#### Exercise data ####

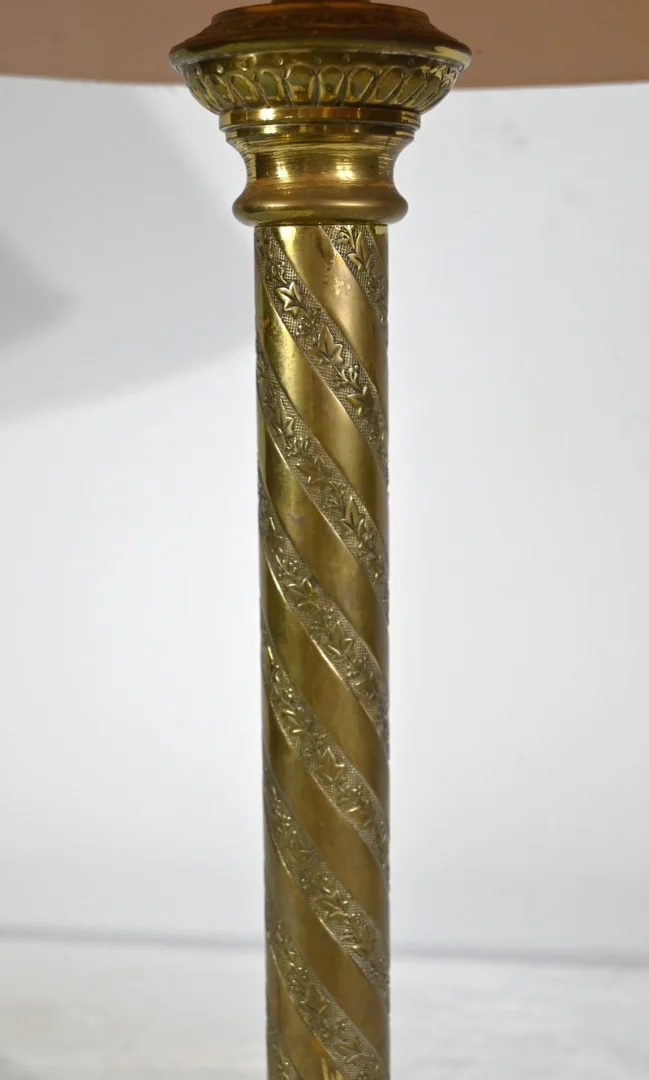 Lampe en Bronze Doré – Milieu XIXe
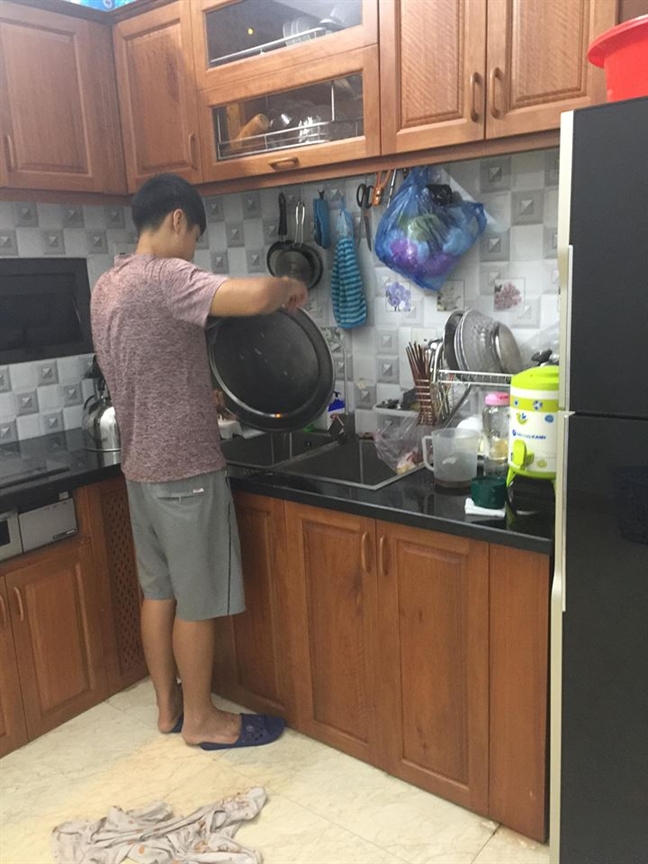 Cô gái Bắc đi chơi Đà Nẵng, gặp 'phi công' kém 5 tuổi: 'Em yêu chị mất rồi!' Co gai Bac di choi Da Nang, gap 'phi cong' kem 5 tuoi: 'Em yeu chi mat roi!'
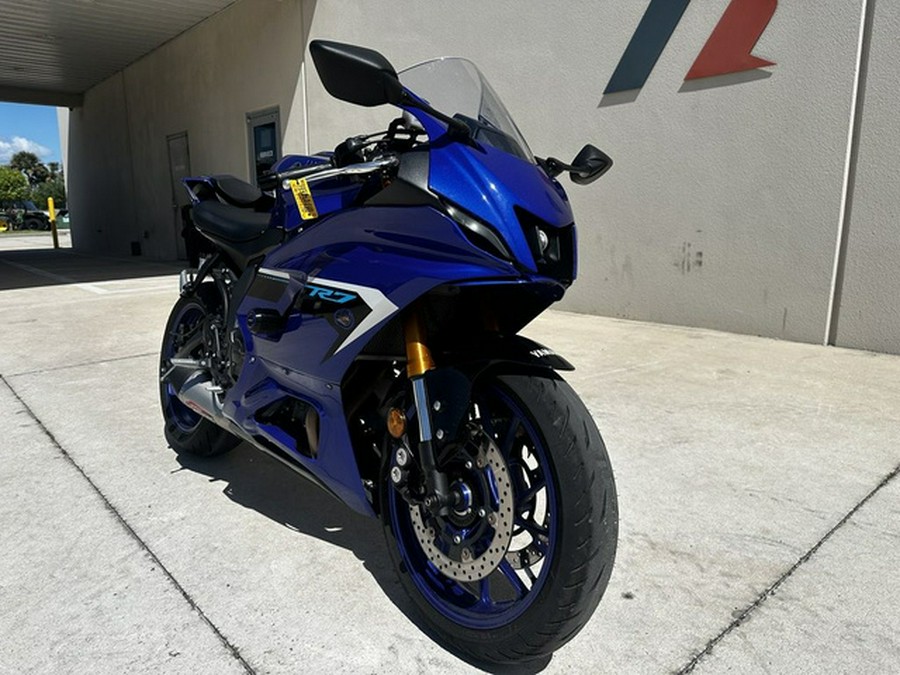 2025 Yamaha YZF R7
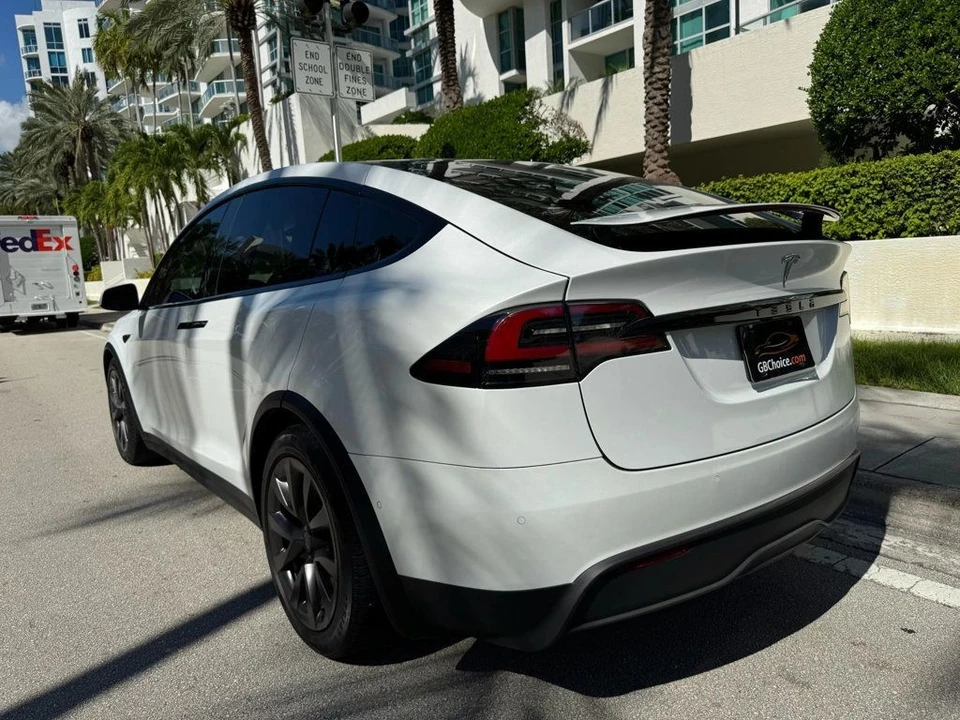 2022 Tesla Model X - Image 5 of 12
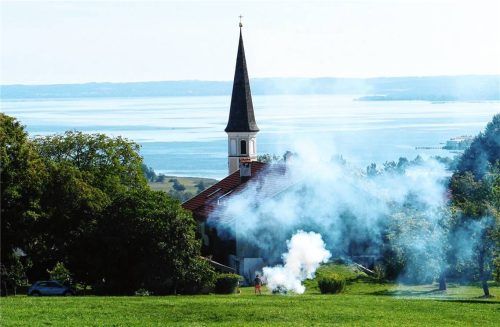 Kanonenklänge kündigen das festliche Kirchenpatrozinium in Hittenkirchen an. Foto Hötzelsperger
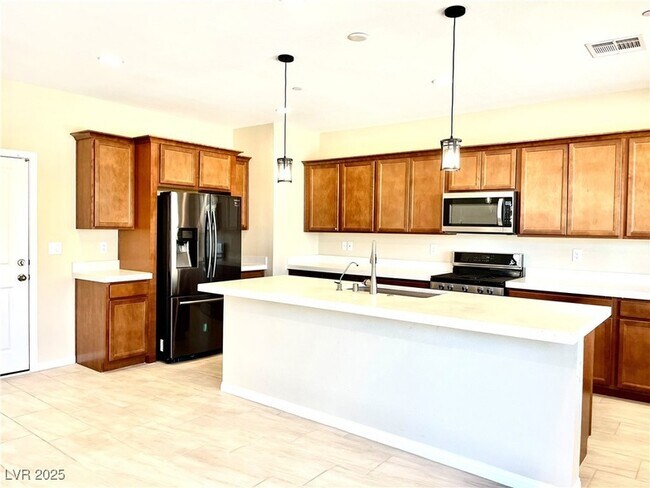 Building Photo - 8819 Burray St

####
#### Exercise data ####

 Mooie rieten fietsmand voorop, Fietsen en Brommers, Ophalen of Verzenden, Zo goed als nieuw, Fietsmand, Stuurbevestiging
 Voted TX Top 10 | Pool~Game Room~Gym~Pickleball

####
#### Exercise data ####

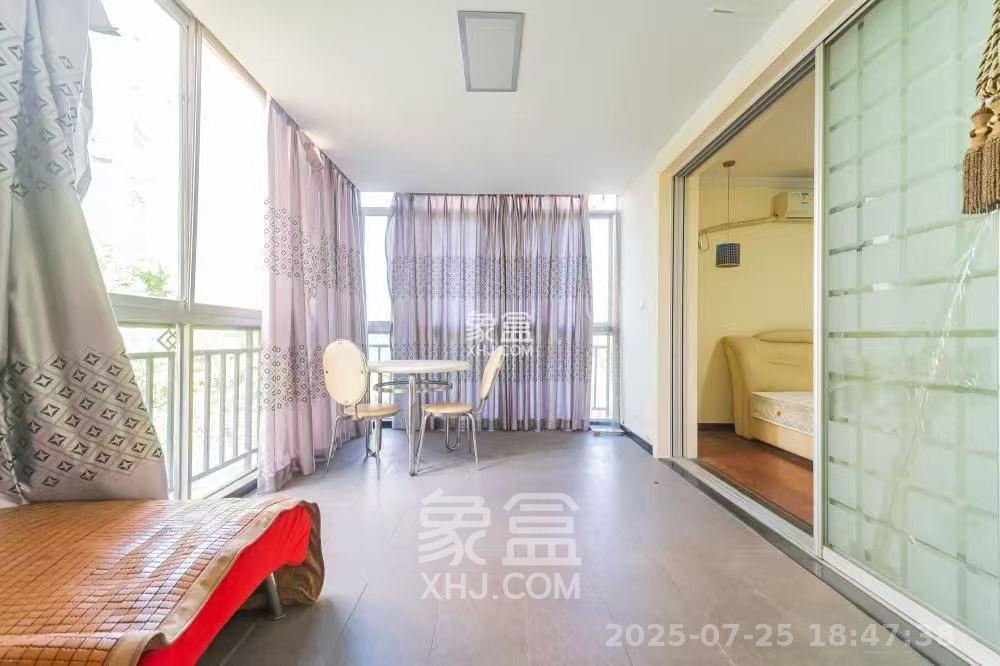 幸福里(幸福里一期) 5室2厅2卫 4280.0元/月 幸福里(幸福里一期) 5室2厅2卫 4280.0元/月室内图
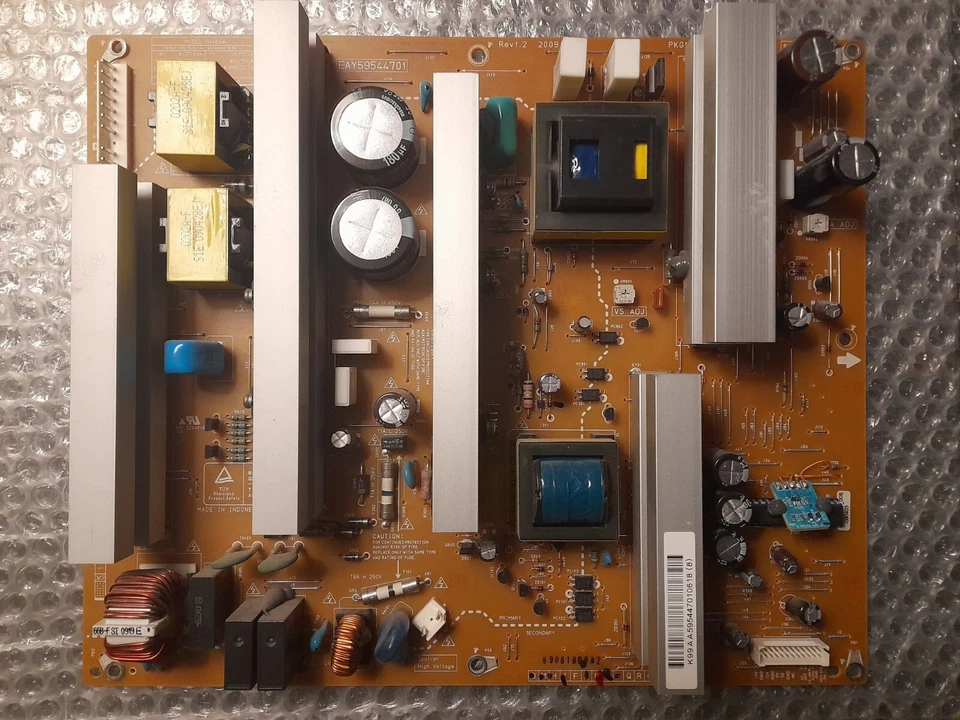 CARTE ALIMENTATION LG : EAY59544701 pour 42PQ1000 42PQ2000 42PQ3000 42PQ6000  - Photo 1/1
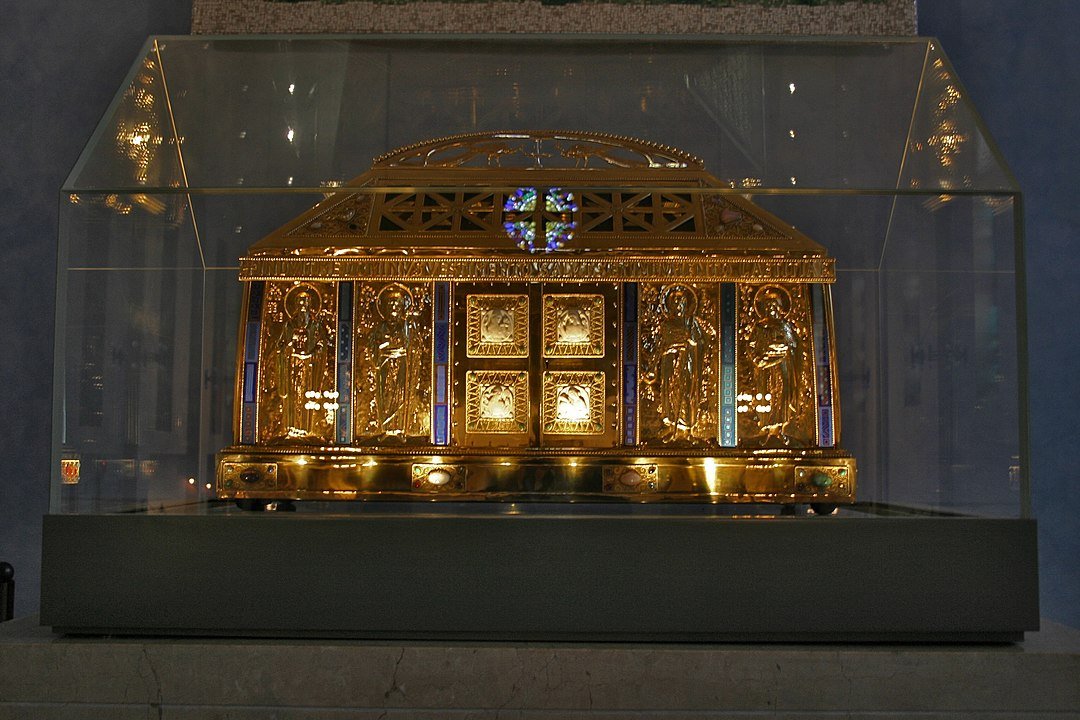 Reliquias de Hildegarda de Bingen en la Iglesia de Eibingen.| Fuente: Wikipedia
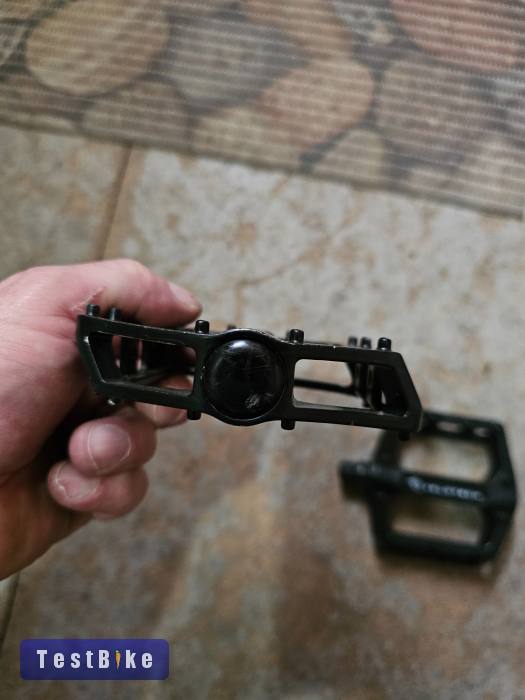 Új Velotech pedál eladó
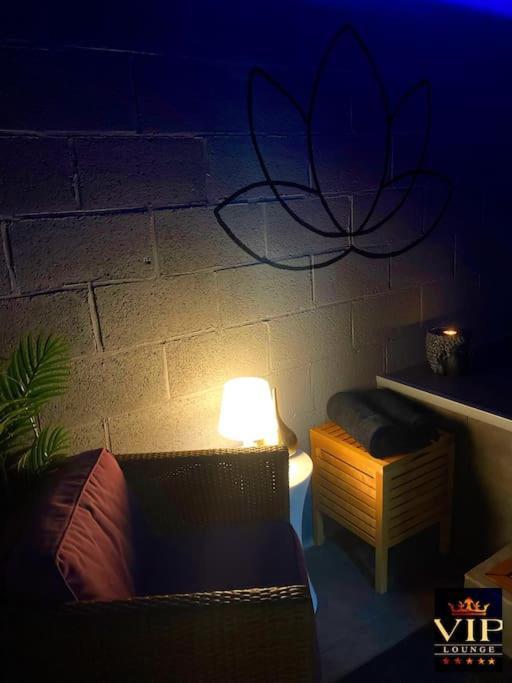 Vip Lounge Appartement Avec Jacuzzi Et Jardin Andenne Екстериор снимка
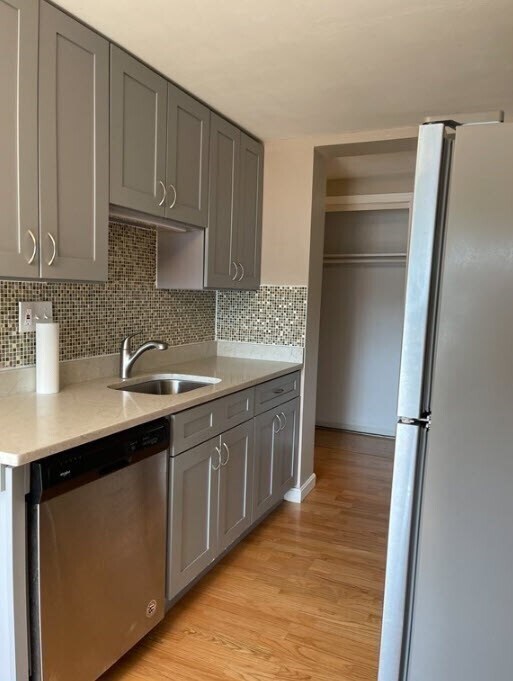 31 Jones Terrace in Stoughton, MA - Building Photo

####

* **Work instructions**:
Write down exactly what the lines above say, from the line holding "Lampe en Bronze Doré – Milieu XIXe" through the line holding "Building Photo - 8819 Burray St", and nothing more. Do not copy the pictures.

* **Response area**:
 Lampe en Bronze Doré – Milieu XIXe
 Cô gái Bắc đi chơi Đà Nẵng, gặp 'phi công' kém 5 tuổi: 'Em yêu chị mất rồi!' Co gai Bac di choi Da Nang, gap 'phi cong' kem 5 tuoi: 'Em yeu chi mat roi!'
 2025 Yamaha YZF R7
 2022 Tesla Model X - Image 5 of 12
 Kanonenklänge kündigen das festliche Kirchenpatrozinium in Hittenkirchen an. Foto Hötzelsperger
 Building Photo - 8819 Burray St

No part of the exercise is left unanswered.